You say you are trying to become a better person, that´s great. And you should do it just for yourself.
Life is just about ourselves. Just about who you are right now and who do you want to become. Seriously, fell in love with yourself, then you’d be able to see the real beaty of life: when you manage to project all the love you have within you and share it to the world. I mean that’s like heaven to me.
About the relationship with this married man: it´s true, desire often makes us blind to reality, but you could always learn from it. Don´t let it drag you further., feel guilty if you have to.
Accept it, ask and pray for forgivenes, then, just move on. Don’t get stuck thinking God doesn’t love you anymore, or worst, that you don’t deserve his love! Deep inside I’m sure you know the way. Trust me on this.
My best wishes to you and hope to read you soon.
Billy.May 14, 2019 at 10:37 pm #293815
Hi, sorry to hear about the troubling thoughts you are having. I dont have all the answers but I think I can help a little. The very fact that you have these thoughts and feelings show that y ou regret some of the things that happened. And, yes, Gid does love you! He (or however you view God) espee loves us when we admit our failures. Then we can start fresh and move forward! While being yourself is always best, I don’t think there is anything wrong with wanting friends or people to love. We are all important. Of course what others think about our looks or job or education isn’t very important. But caring for others is good. I believe in God. Maybe He appeared in various ways to various people, I dont know. But whiever He is, He wants the best for us. Move forward. Start fresh! You are worthwhile. Find inner happiness and also feel free to care for others. One shouldn’t cancel out the other. It is hard and sad to lose others but someday we will be together. I am sending you good thoughts and a spiritual hug! Take care!May 15, 2019 at 7:18 am #293837
That is a long explanation, so I have first broken down the pertinent observations you made into point form for easier processing:
- When you went to study abroad, you worsened toward being more outward, and less so inward.

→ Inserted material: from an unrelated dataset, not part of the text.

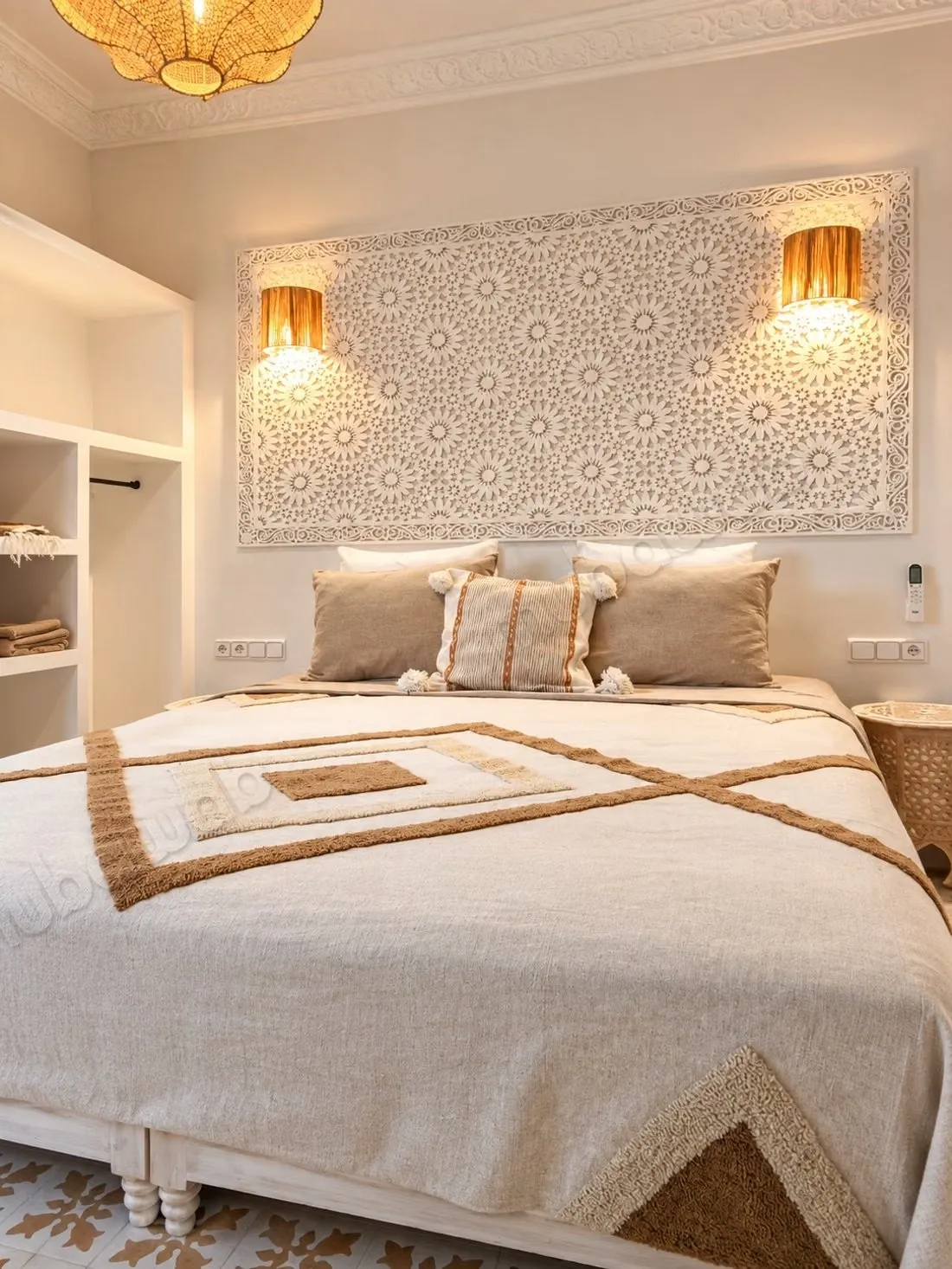 Riad rénové 4 chambres avec bassin – Bab Doukkala - مراكش (3)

- Relationship with best friend falling apart. Why? You have a manipulative personality.
- Need to understand relationship with God.

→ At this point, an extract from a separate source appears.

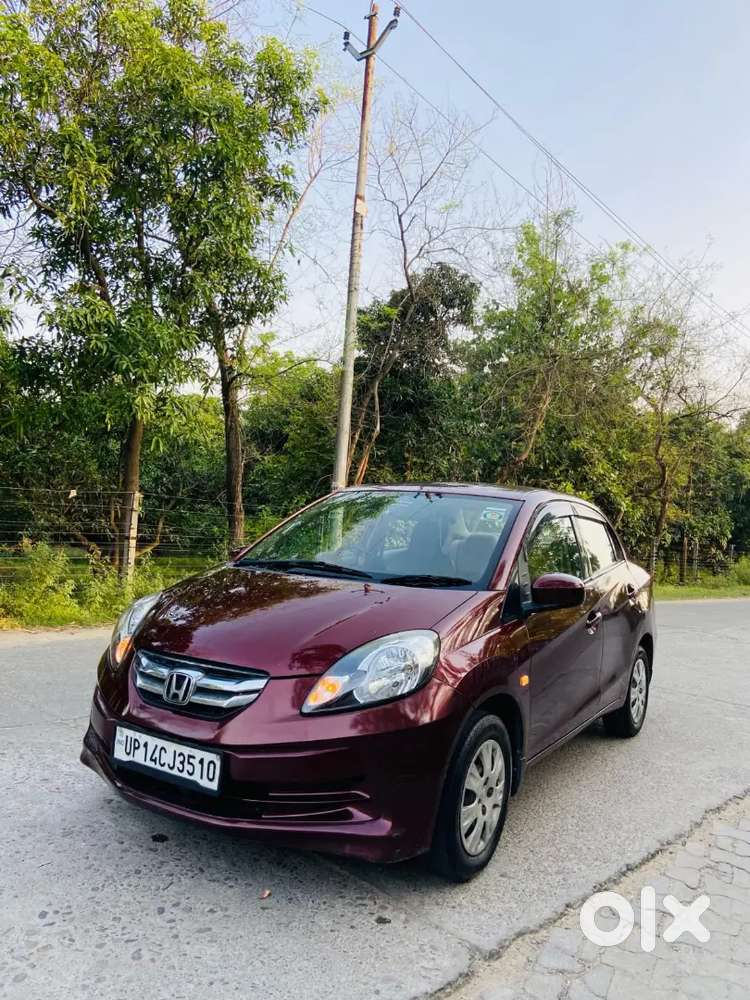 Honda Amaze September 2014 Petrol 71000 Km Driven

- Deep desires and temptations can feel a lot like intuition.
- Overly social personality resulting in affair with a married man.

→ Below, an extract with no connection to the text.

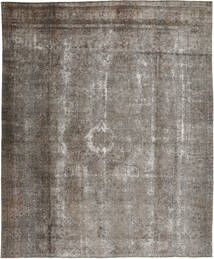 Colored Vintage Szőnyeg 300X358 Modern Csomózású Világosszürke/Sötétszürke Nagy (Gyapjú, Pakisztán
)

- The relationship with the married man was possibly a deep desire, temptation or test. And also for emotional support for yourself.
- Overstep the boundaries of what you initially thought was to support him instead of also having an intimate relationship him. Guilt related to intimate relationship with a married man.
- Stress and deterioration of health from relationship and a full plate of work and studies.
- Upset and stressed over loss of hair for 5 years and consider yourself vain.
- Realizing relying on the external to find happiness is a fallacy.
- Because you sinned, you believe you deserve to be miserable.
- You think that your issue on this is not worthy compared to larger issues humankind are going through.
- You feel you don’t deserve to pray for a resolution because you did this to yourself and its related to karma.
- You tried focusing on becoming a better person, but ask “what is the point” because you don’t know how the situation will improve.
- Your ego is too big, Not sure how do you get rid of it.
Based on the observations you have made, would it be fair to say there are common themes? Namely,
- You possibly have a manipulative personality, too large an ego, lacking introspection of yourself, misunderstanding if your desires/temptations are intuitions. And an uphill battle to improve yourself.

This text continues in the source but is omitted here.